Osmanlı yazarları içinde harerne ilk giren ve en sağlam bilgileri veren son Osmanlı vakanüvisti Abdurrahman Şeref Bey'dir. Bu yazar 1908 ihtilalinde 2. Abdülhamid’in tahtan indirilmesinden sonra haremi tetkik imkânı bulmuş ve padişahlar, binalar, kadınlar, cariyeler, şehzadeler ve sultanlar hakkında makalelerini 1910-11 yılları arasında "Encümen-i Daniş" mecmuasında yayınlamıştı. Yine Mecelle yazarı, hukukçu, tarihçi ve aynı zamanda sosyolog olan Ahmet Cevdet Paşa'nın harem ve padişahlar hakkında verdiği bilgiler de dikkate değer niteliktedir.

HAREM NERESI?

Osmanlı Harem Dairesi, Topkapı Sarayı'nın üç bölümünden bir tanesi. Birinci bölüm, Birun yani dış saraydır. Sancak-ı Şerifin bulunduğu Akağalar Kapısı'na kadar olan ve geniş bir bahçesi bulunan kısımdır. Burada ilk dönemlerde Sadr-ı Azam'ın bakanlar kurulu demek olan Divan-ı Hümayun vesaire bulunur. İkincisi ise Enderun'dur. Bu da iç saray demektir ve Enderun Mektebi, genelkurmay ve padişah köşkü gibi kısımları vardır. Üçüncüsü ise padişahların evleridir. Prof. Dr. Ahmet Akgündüz'ün ifadesi ile "Bugün bir memurun ancak lojman olarak kabul edebileceği yerlerde Osmanlı padişahları kalabalık aileleri ile birlikte olmuşlardır. Padişahların kaldığı bu lojmanlara İslam'ın hükümlerine göre yabancı erkekler ve başkalarının girmesi yasak olduğundan dolayı Harem-i Hümayun denmiştir.

HAREMİ YÖNETENLER

Haremin başı valide sultandır. Padişahın annesidir. Valide sultan ham "Ustalar ve Kalfalar" aracılığı ile yönetir. Valide sultan ile hükumet arası da "Kızlar Ağası vardır.
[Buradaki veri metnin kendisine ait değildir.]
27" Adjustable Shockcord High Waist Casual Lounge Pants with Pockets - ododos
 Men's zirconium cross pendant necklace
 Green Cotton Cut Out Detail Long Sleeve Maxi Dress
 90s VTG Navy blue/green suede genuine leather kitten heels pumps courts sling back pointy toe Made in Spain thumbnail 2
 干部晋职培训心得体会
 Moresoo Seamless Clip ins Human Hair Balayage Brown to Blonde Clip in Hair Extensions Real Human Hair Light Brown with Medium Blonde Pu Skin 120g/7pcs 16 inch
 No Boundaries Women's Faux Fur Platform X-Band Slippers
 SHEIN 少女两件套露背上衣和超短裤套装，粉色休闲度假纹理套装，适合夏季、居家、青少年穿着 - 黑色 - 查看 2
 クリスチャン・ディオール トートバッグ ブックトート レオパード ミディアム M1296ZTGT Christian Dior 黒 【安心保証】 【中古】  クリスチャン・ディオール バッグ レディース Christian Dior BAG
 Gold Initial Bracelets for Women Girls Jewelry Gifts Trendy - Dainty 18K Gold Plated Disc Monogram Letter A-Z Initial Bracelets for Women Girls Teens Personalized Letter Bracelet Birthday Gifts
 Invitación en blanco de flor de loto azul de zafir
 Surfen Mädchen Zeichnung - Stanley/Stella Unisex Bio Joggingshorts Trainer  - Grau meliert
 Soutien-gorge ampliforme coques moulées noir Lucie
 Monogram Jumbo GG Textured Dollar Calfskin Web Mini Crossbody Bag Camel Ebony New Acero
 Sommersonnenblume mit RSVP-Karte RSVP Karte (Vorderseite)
Ak veya kara harem ağaları ve harem kapısını bekleyen Bab us Sade Ağası da Kızlar Ağasına bağlıydı Haremde hizmet gören ustaların listesi şöyledir: "Hazinedar usta, çeşnigir usta, çamaşır usta, ibrikdar usta, vekil usta, kethüda kadın, saray usta, Kanbe usta, hastalar ustası, ebe, sütnine, dadı.

Haremde ayrıca, bulundukları dairelerin işlerini gören kalfalar vardır. Haremi teşkil eden bütün kadınlar gibi onlar da cariyelikten gelmedir; ancak ustalara oranla daha yüksek mevki sahibidirler.

Harem konusunda en fazla vurgunculuk yapılan husus cariye meselesidir. Cariyelerin hepsini aynı statüde, yani hepsini 'cinsel obje' olmaktan başka bir şekilde görmeyen bir bakış açısıyla irdelenen Osmanlı Harem'inde cariye sayısı hep abartılı söyleniyor.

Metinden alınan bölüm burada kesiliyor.